There was the flutter of the wings, slitter of snakes and cries of birds. The youth held the barber closer; Considius got a peak of the goddesses that held him in clientela, wandering around the tunnels. Perhaps they would be less conflicted about helping him.
“No!” The teenager whispered. “Today those are not your patrons. They are avenging nymphs hunting down a murderer. You are not the Tribune of Shades now, do you understand? There are no shortcuts, you have to follow the mantle that currently have invested to the end. Only then you can return; hopefully transformed for the better, but you should feel lucky if you just come out intact from the ordeal.”
“Only then I can be myself.”
“For whatever that is worth.” The teen frowned. “Or means. I will take you to the next station; do not test your luck, do you hear? Play the Triumph safe.”
Considius nodded as the young woman pushed him towards the tunnel’s walls.

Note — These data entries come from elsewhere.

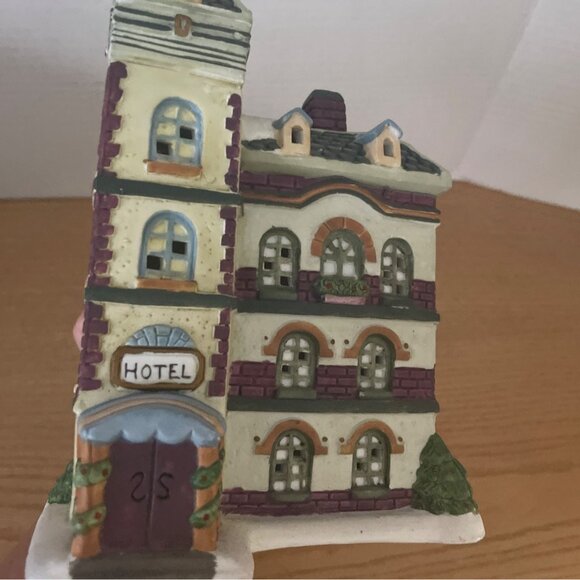 Grandeur Noel Snow Flake Village Hotel and Jeweler Christmas Hand Painted 1994 - Picture 8 of 14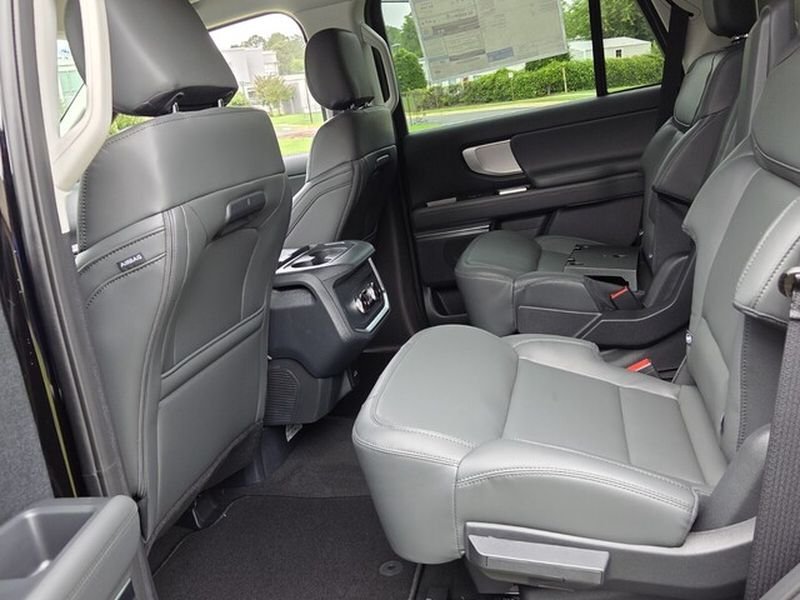 New 2026 Agate Black Metallic Ford Active image 7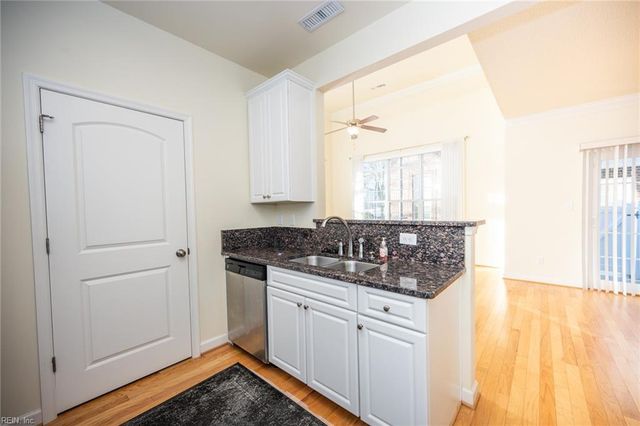 712 Guildford MEWS, Chesapeake, VA 23320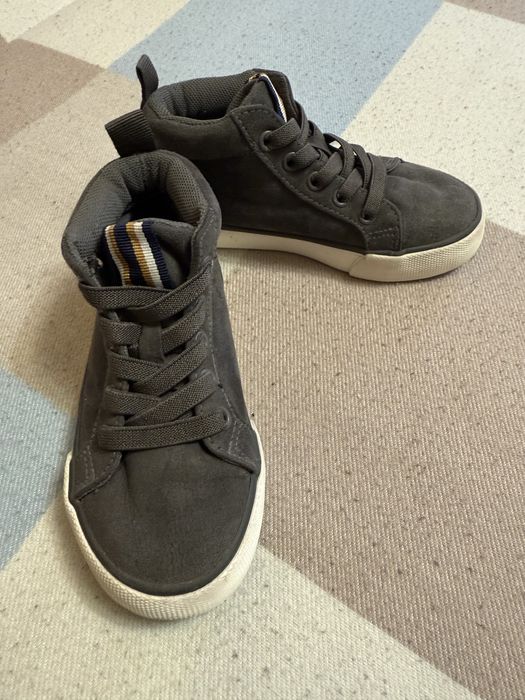 Хайтопи взуття на хлопчика 26 розмір h&m високі кросівки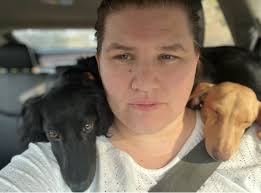 Are solid black dachshunds true solids?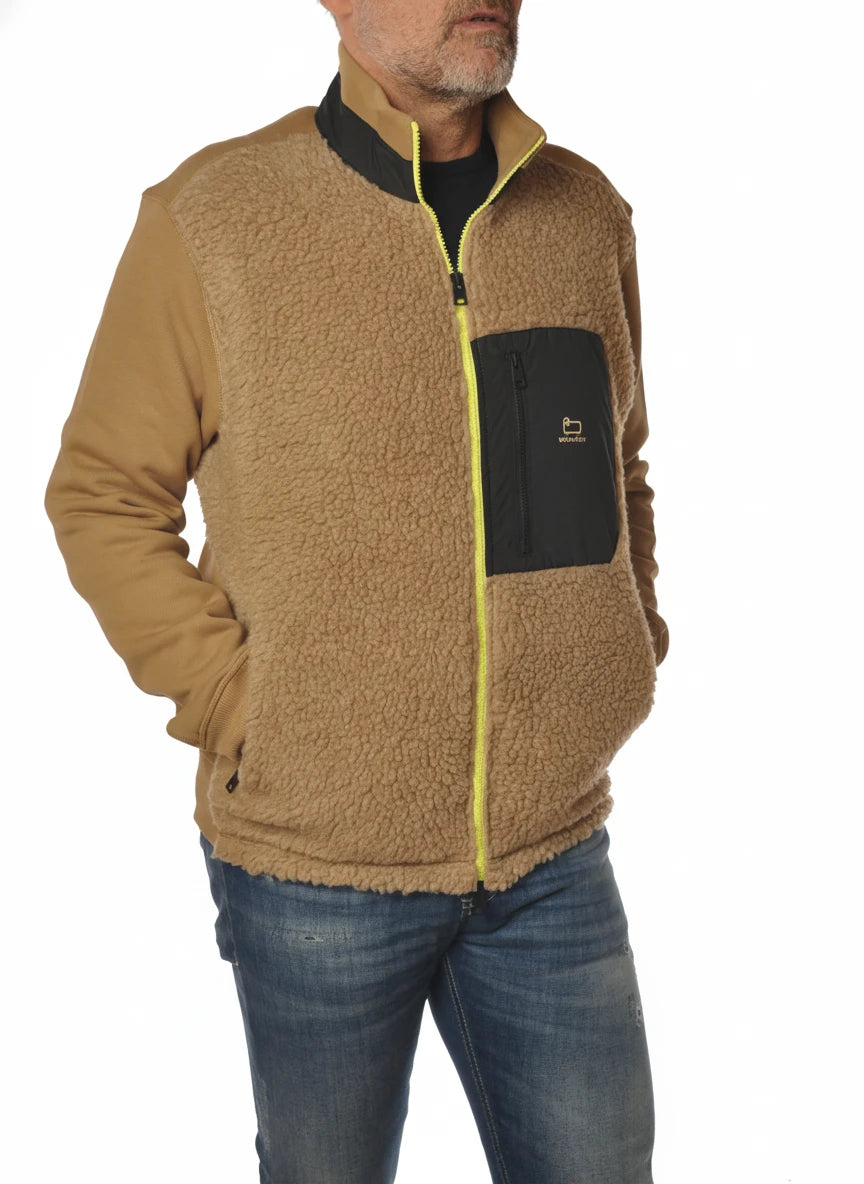 Modello indossa felpa beige con parte in lana e zip fluo Woolrich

He was back in the sea, waddling alongside a serene shore, the teenager replaced with thick foam. It lifted him up, becoming a white horse with breeze hooves and empty eyes. The scene looked serene and inviting, green grassland giving way to two hills capped by ancient looking sanctuaries. Twin women of emerald eyes and olive skin waved at him, desiring his attentions and caressing his foamy mount. They grabbed Considius, whispering for him to stay, to forget the war and struggles that governed his life and this fiction. He found himself kissing one as the other nimbly worked around undressing him; his first instinct was to recoil, but his strange steed whinnied in a complaint.
Right. Wear the mantle; become the mantle. The mantle wants what the mantle wants.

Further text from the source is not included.